英文:
Is there a way to define the relationship type using a dataframe column in spark?
问题
Here's the translated code snippet with the requested parts:
有没有办法使用Spark中的DataFrame列来定义关系类型?
import pandas as pd
_list = []
_dict = {}
_dict['ENV'] = "DEV"
_dict['PRIVILEGE'] = "DML"
_dict['ROLE'] = "ROLE1"
_dict['DATABASE'] = "Database1"
_list.append(_dict)
_dict['ENV'] = "DEV"
_dict['PRIVILEGE'] = "DDL"
_dict['ROLE'] = "ROLE2"
_dict['DATABASE'] = "Database1"
_list.append(_dict)
df = pd.DataFrame(_list)
df = spark.createDataFrame(df)
df.write.format("org.neo4j.spark.DataSource") \
.mode("Overwrite") \
.option("relationship", df["PRIVILEGE"]) \
.option("relationship.save.strategy", "keys") \
.option("relationship.target.labels", "DATABASE") \
.option("relationship.target.node.keys", "DATABASE, ENV") \
.option("relationship.target.save.mode", "overwrite") \
.option("relationship.source.labels", "ROLE") \
.option("relationship.source.save.mode", "overwrite") \
.option("relationship.source.node.keys", "ROLE, ENV") \
.save()
It will write the relationship type as "DML" or "DDL" based on the "PRIVILEGE" column values, rather than as "Column<'PRIVILEGE'>" as you mentioned.
英文:
Is there a way to define the relationship type using a dataframe column in spark?
import pandas as pd
_list = []
_dict = {}
_dict['ENV'] = "DEV"
_dict['PRIVILEGE'] = "DML"
_dict['ROLE'] = "ROLE1"
_dict['DATABASE'] = "Database1"
_list.append(_dict)
_dict['ENV'] = "DEV"
_dict['PRIVILEGE'] = "DDL"
_dict['ROLE'] = "ROLE2"
_dict['DATABASE'] = "Database1"
_list.append(_dict)
df = pd.DataFrame(_list)
df = spark.createDataFrame(df)
df.write.format("org.neo4j.spark.DataSource") \
.mode("Overwrite") \
.option("relationship", df["PRIVILEGE"]) \
.option("relationship.save.strategy", "keys") \
.option("relationship.target.labels", "DATABASE") \
.option("relationship.target.node.keys", "DATABASE, ENV") \
.option("relationship.target.save.mode", "overwrite") \
.option("relationship.source.labels", "ROLE") \
.option("relationship.source.save.mode", "overwrite") \
.option("relationship.source.node.keys", "ROLE, ENV") \
.save()
It is writing the type as Column<'PRIVILEGE'>, when I want the value.
答案1
得分: 1
df["PRIVILEGE"]
返回一个 org.apache.spark.sql.Column
,所以你所使用的关系类型只是 Column.toString()
的值(即 Column<'PRIVILEGE'>
)。
"relationship" 选项期望其参数(关系类型)是一个固定的字符串。它不支持从 DataFrame
列中动态获取关系类型名称。
因此,你应该为每个关系类型创建一个单独的 DataFrame
,并为每个 DataFrame
单独进行写入操作。
另外,顺便说一句,由于你对每个 _list
元素重用了相同的 _dict
实例,所有 _list
元素都将相同。你需要为每个元素创建一个新的字典。
英文:
df["PRIVILEGE"]
returns a org.apache.spark.sql.Column
, so what you are using as the relationship type is just the value of Column.toString()

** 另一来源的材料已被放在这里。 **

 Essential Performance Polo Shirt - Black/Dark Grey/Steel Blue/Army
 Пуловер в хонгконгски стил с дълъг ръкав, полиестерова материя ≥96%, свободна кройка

(i.e., Column<'PRIVILEGE'>
).
The "relationship" option
expects its argument (the relationship type) to be a fixed string. It does not support getting the relationship type name dynamically from a DataFrame
column.
Therefore, you should create a separate DataFrame
for each relationship type and have a separate write
for each DataFrame
.
And, by the way, since you reuse the same _dict
instance for every _list
element, all _list
elements will be identical. You need to create a new dict for every element.
答案2
得分: 0
请提出一个问题,以便团队可以考虑如何实施。
我见过使用以下两种方法之一:
- 逐个迭代关系类型(由@cybersam和@jose_bacoy提到)
例如:获取 PRIVILEGE 列的唯一值 = 关系类型
relTypeColumn="PRIVILEGE"
uniquerelTypes=df.dropDuplicates([relTypeColumn])
relTypes = uniquerelTypes.select(relTypeColumn).collect()
然后对这些关系类型进行迭代,筛选匹配的 DataFrame 行并写入 Neo4j
for row in relTypes:
relType=row[relTypeColumn]
relsubset=df.filter(df[relTypeColumn] == relType)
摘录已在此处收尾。